• Captioned web image data:
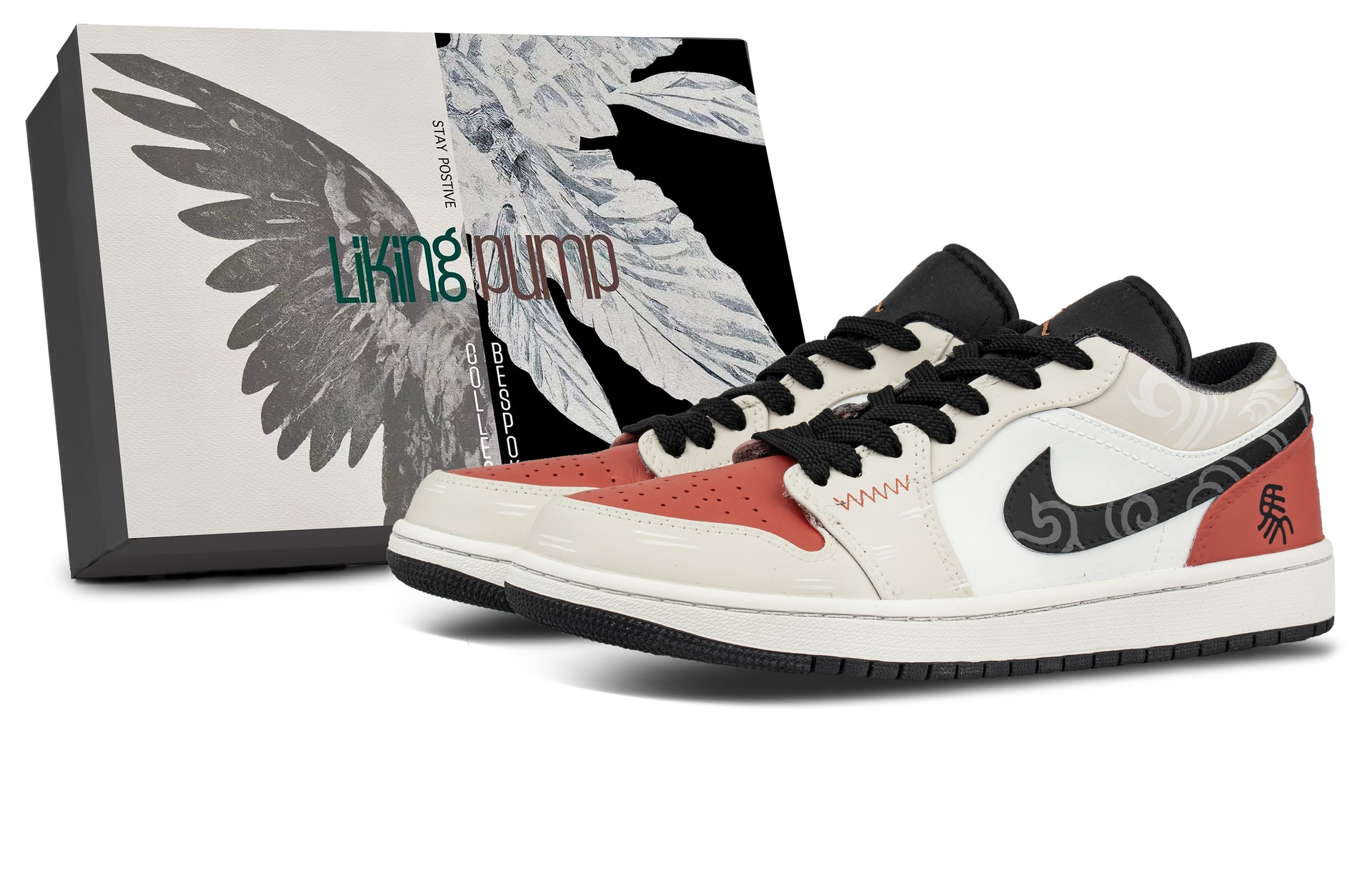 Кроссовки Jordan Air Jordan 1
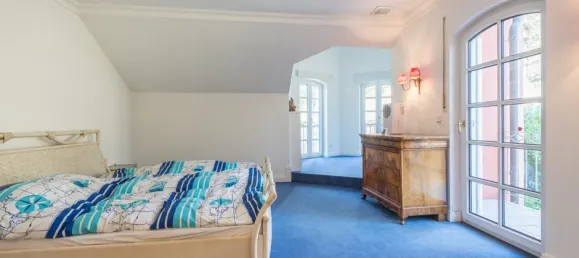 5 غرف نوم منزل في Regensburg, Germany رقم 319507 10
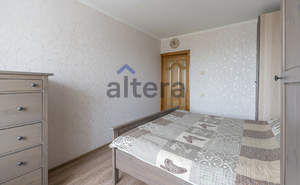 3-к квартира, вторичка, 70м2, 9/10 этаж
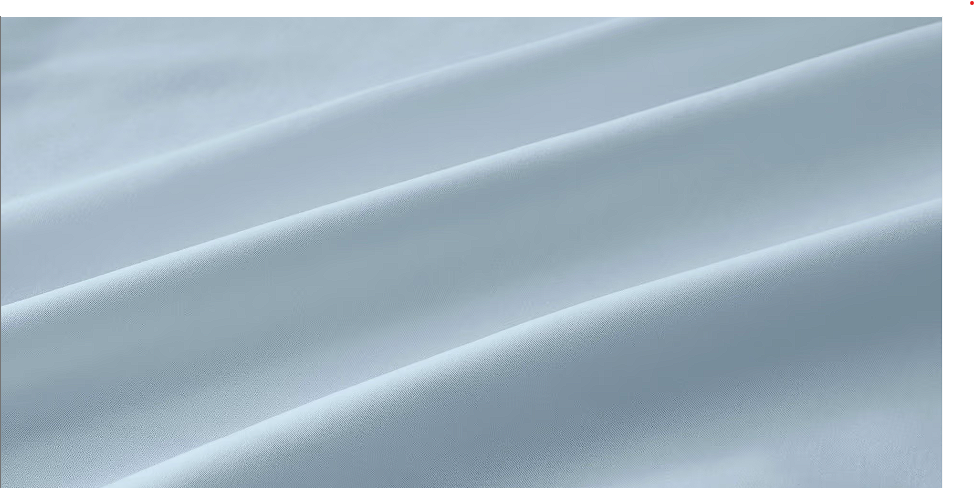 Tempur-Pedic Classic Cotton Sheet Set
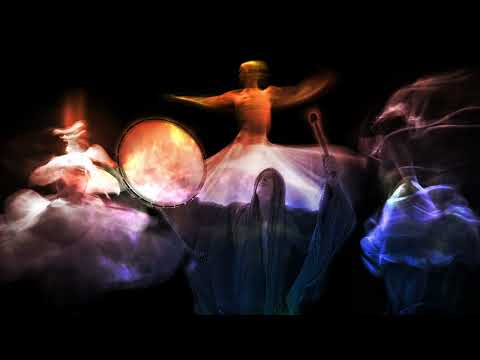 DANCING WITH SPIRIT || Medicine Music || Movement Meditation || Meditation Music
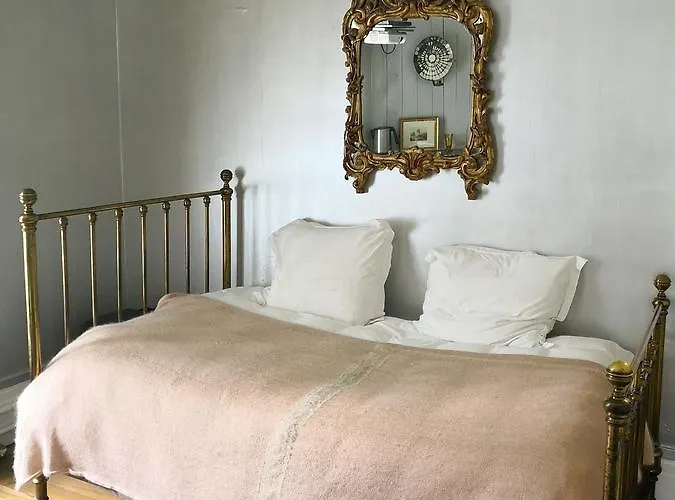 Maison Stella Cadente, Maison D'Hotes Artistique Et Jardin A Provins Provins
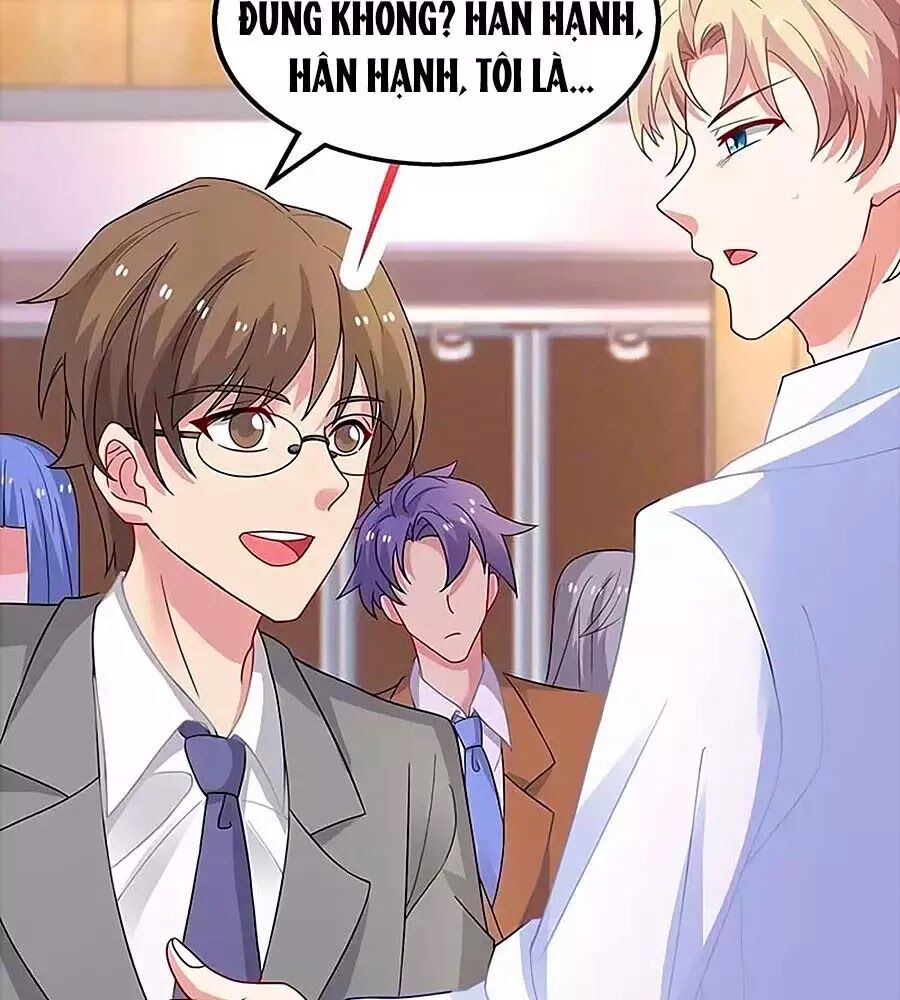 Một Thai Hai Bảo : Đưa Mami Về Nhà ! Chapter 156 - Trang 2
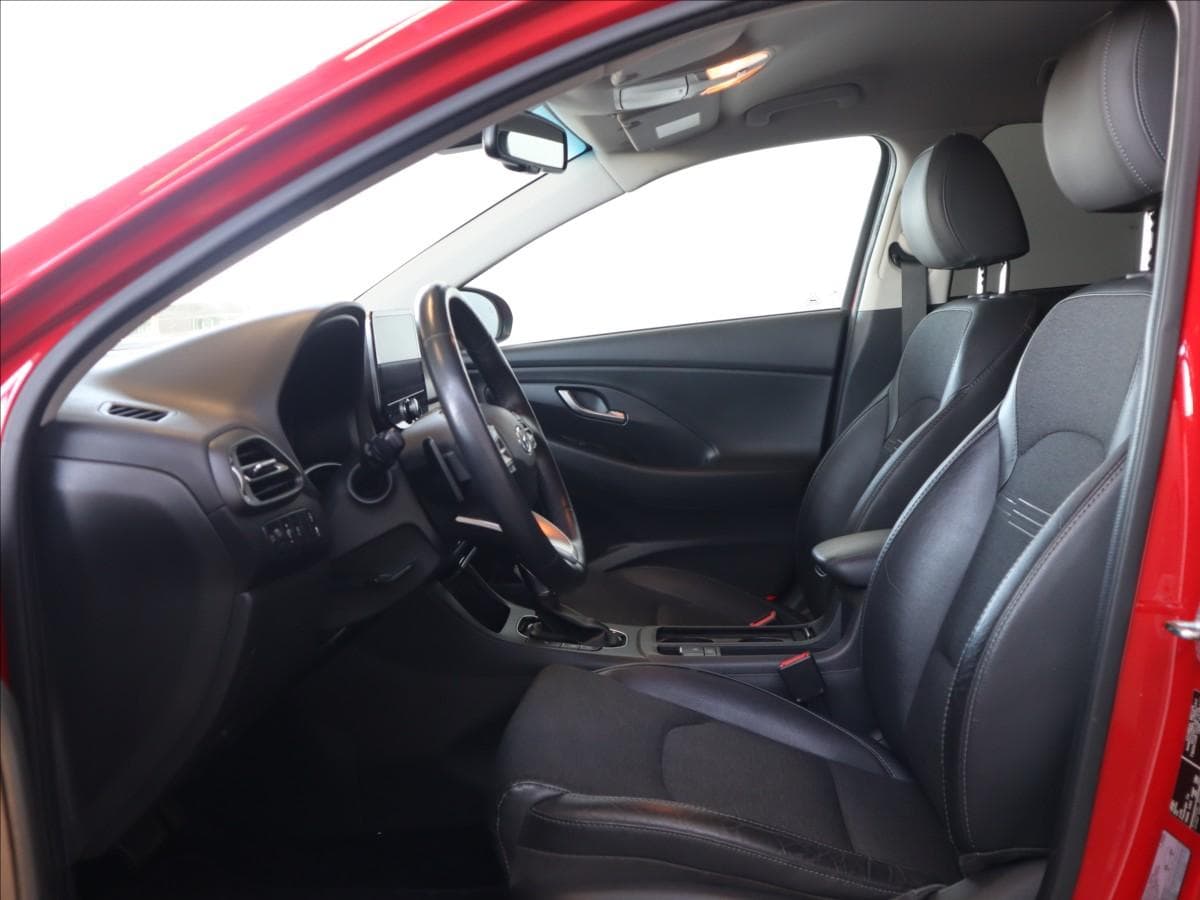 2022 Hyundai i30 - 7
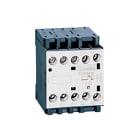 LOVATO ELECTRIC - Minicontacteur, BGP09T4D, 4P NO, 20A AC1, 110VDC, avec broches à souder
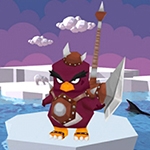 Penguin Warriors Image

• PROMPT: Repeat only the lines from the line with "2022 Hyundai i30 - 7" to the end of the entries, including both the first and the last line, and drop every picture.

• RESULT:
 2022 Hyundai i30 - 7
 LOVATO ELECTRIC - Minicontacteur, BGP09T4D, 4P NO, 20A AC1, 110VDC, avec broches à souder
 Penguin Warriors Image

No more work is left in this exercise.